LoPRo：通过置换分块旋转增强低秩量化 (LoPRo: Enhancing Low-Rank Quantization via Permuted Block-Wise Rotation)

Post-training quantization (PTQ) enables effective model compression while preserving relatively high accuracy. Current weight-only PTQ methods primarily focus on the challenging sub-3-bit regime, where approaches often suffer significant accuracy degradation, typically requiring fine-tuning to achieve competitive performance. In this work, we revisit the fundamental characteristics of weight quantization and analyze the challenges in quantizing the residual matrix under low-rank approximation. We propose LoPRo, a novel fine-tuning-free PTQ algorithm that enhances residual matrix quantization by applying block-wise permutation and Walsh-Hadamard transformations to rotate columns of similar importance, while explicitly preserving the quantization accuracy of the most salient column blocks. Furthermore, we introduce a mixed-precision fast low-rank decomposition based on rank-1 sketch (R1SVD) to further minimize quantization costs. Experiments demonstrate that LoPRo outperforms existing fine-tuning-free PTQ methods at both 2-bit and 3-bit quantization, achieving accuracy comparable to fine-tuning baselines. Specifically, LoPRo achieves state-of-the-art quantization accuracy on LLaMA-2 and LLaMA-3 series models while delivering up to a 4$\times$ speedup. In the MoE model Mixtral-8x7B, LoPRo completes quantization within 2.5 hours, simultaneously reducing perplexity by 0.4$\downarrow$ and improving accuracy by 8\%$\uparrow$. Moreover, compared to other low-rank quantization methods, LoPRo achieves superior accuracy with a significantly lower rank, while maintaining high inference efficiency and minimal additional latency.

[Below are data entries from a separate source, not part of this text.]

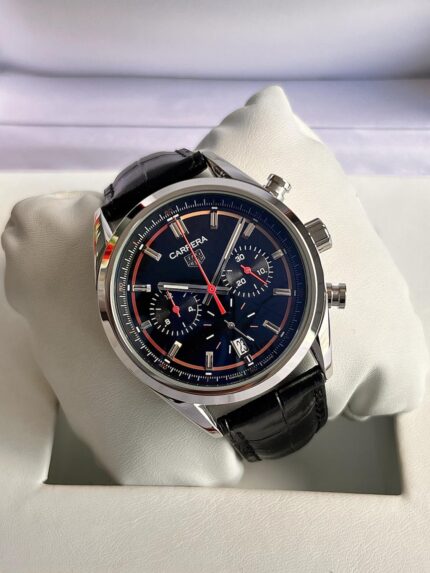 TAG HEUER CARRERA RACING CLB CHRONOGRAPH BLACK DIAL LEATHER
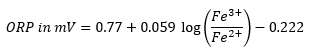 oxidation-reduction potential (ORP) reaction, a measurement of the FeCl3 to FeCl2 ratio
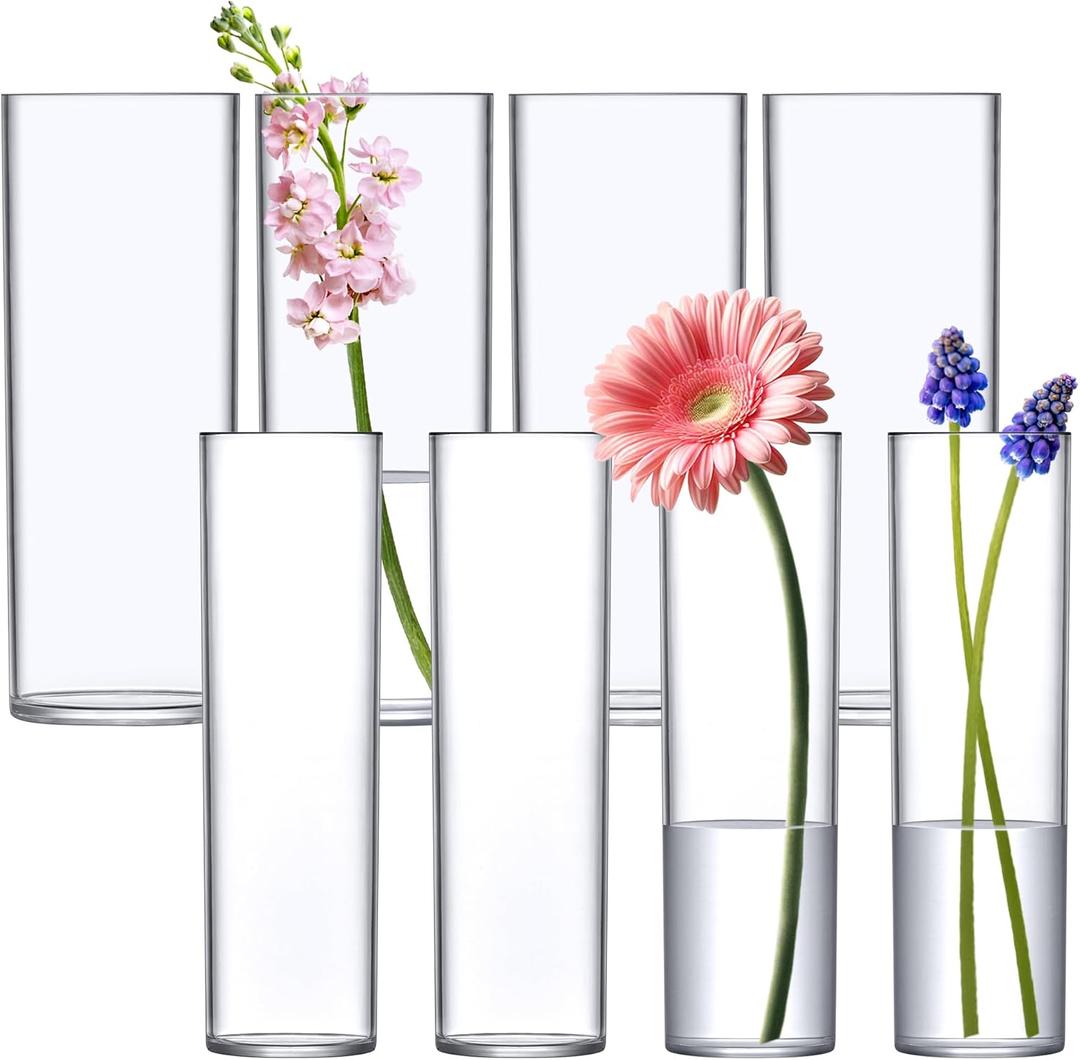 Amazing Abby - Viola Elevata - Plastic Cylinder Vases (8-Piece Set), Acrylic Flower Vases for Wedding Centerpieces, Home Decorations, Office Ornaments, Shatter-Proof, 9" (H) (Not Glass)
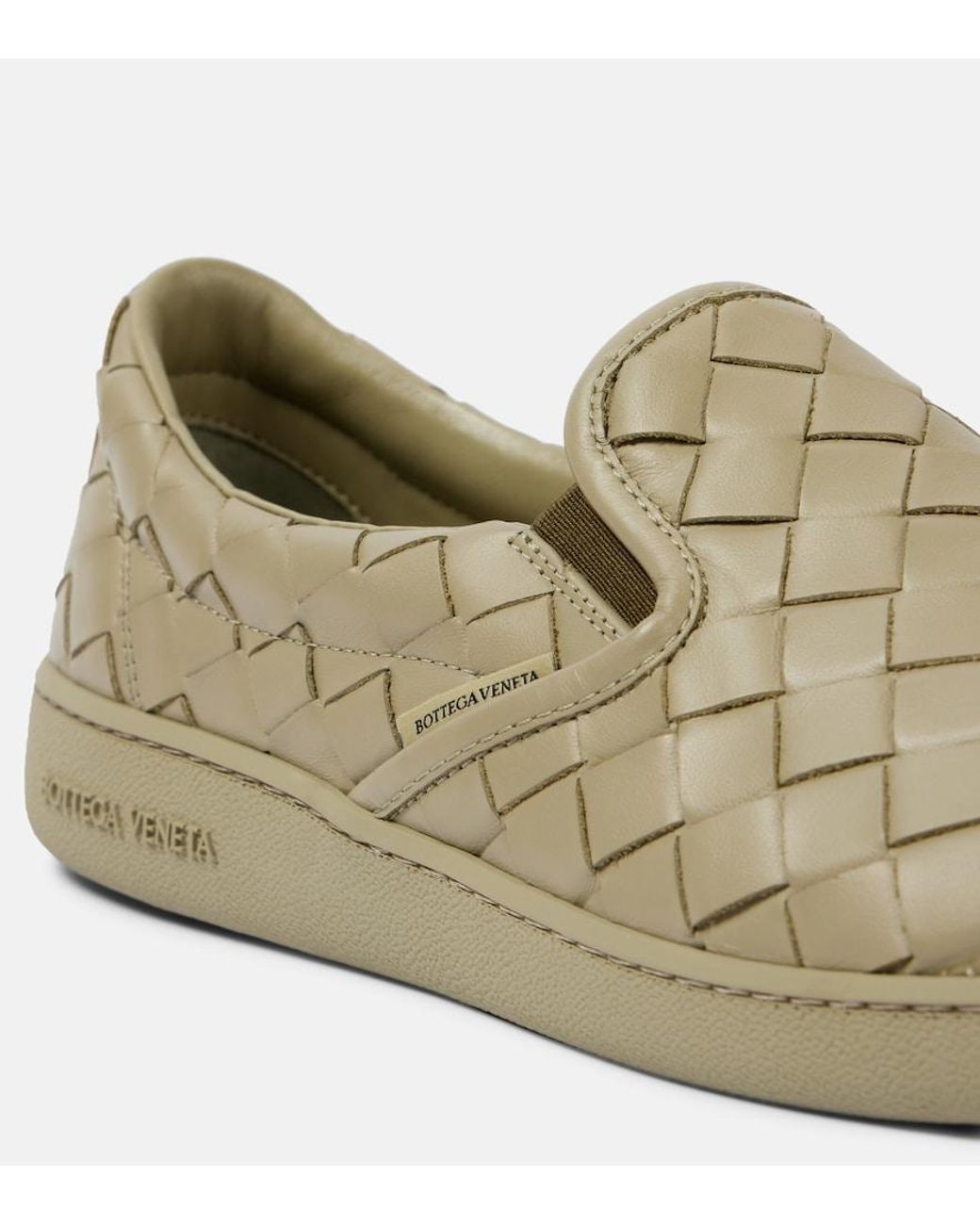 Bottega Veneta Green Sawyer Leather Slip-On Sneakers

翻译：训练后量化（PTQ）能够实现有效的模型压缩，同时保持相对较高的精度。当前的仅权重PTQ方法主要关注具有挑战性的亚3比特量化场景，其中方法通常遭受显著的精度损失，通常需要微调才能达到有竞争力的性能。在本工作中，我们重新审视了权重量化的基本特性，并分析了在低秩近似下量化残差矩阵所面临的挑战。我们提出了LoPRo，一种新颖的无微调PTQ算法，该算法通过应用分块置换和Walsh-Hadamard变换来旋转重要性相似的列，同时显式地保持最显著列块的分块量化精度，从而增强残差矩阵的量化。此外，我们引入了一种基于秩-1草图（R1SVD）的混合精度快速低秩分解方法，以进一步最小化量化成本。实验表明，LoPRo在2比特和3比特量化下均优于现有的无微调PTQ方法，达到了与微调基线相当的精度。具体而言，LoPRo在LLaMA-2和LLaMA-3系列模型上实现了最先进的量化精度，同时带来了高达4$\times$的加速。在MoE模型Mixtral-8x7B中，LoPRo在2.5小时内完成量化，同时将困惑度降低了0.4$\downarrow$，并将准确率提高了8\%$\uparrow$。此外，与其他低秩量化方法相比，LoPRo以显著更低的秩实现了更优的精度，同时保持了高推理效率和最小的额外延迟。